From my way back when bookmarks of things to blog about later, check out this infographic of 21 emotional states with no English words (the words are in other languages, many of them non-phoenetic, but the descriptions are great).
Sticking with the number 21, Lifehack.org has 21 common expressions often used incorrectly. I admit I’m guilting of palming off “pawn off” as a phrase many times. I had no idea! Most of the rest of them I haven’t misused or even seen/heard misused. I do remember many years ago listening to some boor say at a gathering “I cease to amaze myself” and I commented “I’m right there with you.” That’s all that comes to mind (and it’s not even on the list).

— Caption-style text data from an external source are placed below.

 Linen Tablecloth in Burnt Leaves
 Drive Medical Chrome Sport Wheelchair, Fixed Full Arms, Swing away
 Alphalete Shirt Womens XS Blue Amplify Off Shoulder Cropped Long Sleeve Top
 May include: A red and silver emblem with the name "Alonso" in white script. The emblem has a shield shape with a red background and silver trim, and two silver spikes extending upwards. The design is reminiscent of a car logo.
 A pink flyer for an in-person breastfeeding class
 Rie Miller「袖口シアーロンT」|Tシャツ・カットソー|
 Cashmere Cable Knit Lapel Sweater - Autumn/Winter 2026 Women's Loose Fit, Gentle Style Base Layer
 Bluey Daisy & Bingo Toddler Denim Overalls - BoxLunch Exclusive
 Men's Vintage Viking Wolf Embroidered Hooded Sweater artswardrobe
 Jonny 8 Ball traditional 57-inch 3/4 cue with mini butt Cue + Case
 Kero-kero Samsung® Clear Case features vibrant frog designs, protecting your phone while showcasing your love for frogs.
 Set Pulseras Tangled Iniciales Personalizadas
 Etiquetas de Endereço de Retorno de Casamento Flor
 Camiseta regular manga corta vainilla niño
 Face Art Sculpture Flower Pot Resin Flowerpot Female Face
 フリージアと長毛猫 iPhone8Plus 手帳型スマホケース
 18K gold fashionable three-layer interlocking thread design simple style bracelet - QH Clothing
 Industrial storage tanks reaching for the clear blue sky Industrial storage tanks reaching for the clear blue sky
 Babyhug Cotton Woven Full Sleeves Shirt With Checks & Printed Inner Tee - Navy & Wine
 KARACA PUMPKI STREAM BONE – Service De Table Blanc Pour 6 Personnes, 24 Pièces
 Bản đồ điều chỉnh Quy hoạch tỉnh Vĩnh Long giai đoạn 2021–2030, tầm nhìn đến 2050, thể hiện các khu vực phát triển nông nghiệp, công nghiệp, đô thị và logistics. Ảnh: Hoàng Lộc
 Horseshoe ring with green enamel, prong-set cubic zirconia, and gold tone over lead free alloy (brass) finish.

Slate’s history blog The Vault has a post up about, and including, a mid-century map of American folklore. Mid 20th century, of course.
Apparently Mark Zuckerberg and friends want to provide internet to everybody. Coincidentally, developing more profitable service provider businesses is the way to do this [I detect sarcasm]. Do I yawn, grimace, or both? Is there a fancy foreign word for what I’m feeling? [English already has this covered, dude: the word is ‘contempt’]
Another perfect #slatepitch: Farhad Manjoo writes about how he hired an online personal assistant and how that did not work well for him. It looks like an interesting read. Will one of you please read this and send me a summary by end of business today? Thank you.
For all my fellow writers out there, who like me read about writing as much or more than we write, here is an interview with Junot Diaz about how he writes.
Some belated good news: President Obama has replaced the White House solar panels that had been removed by then-President Reagan.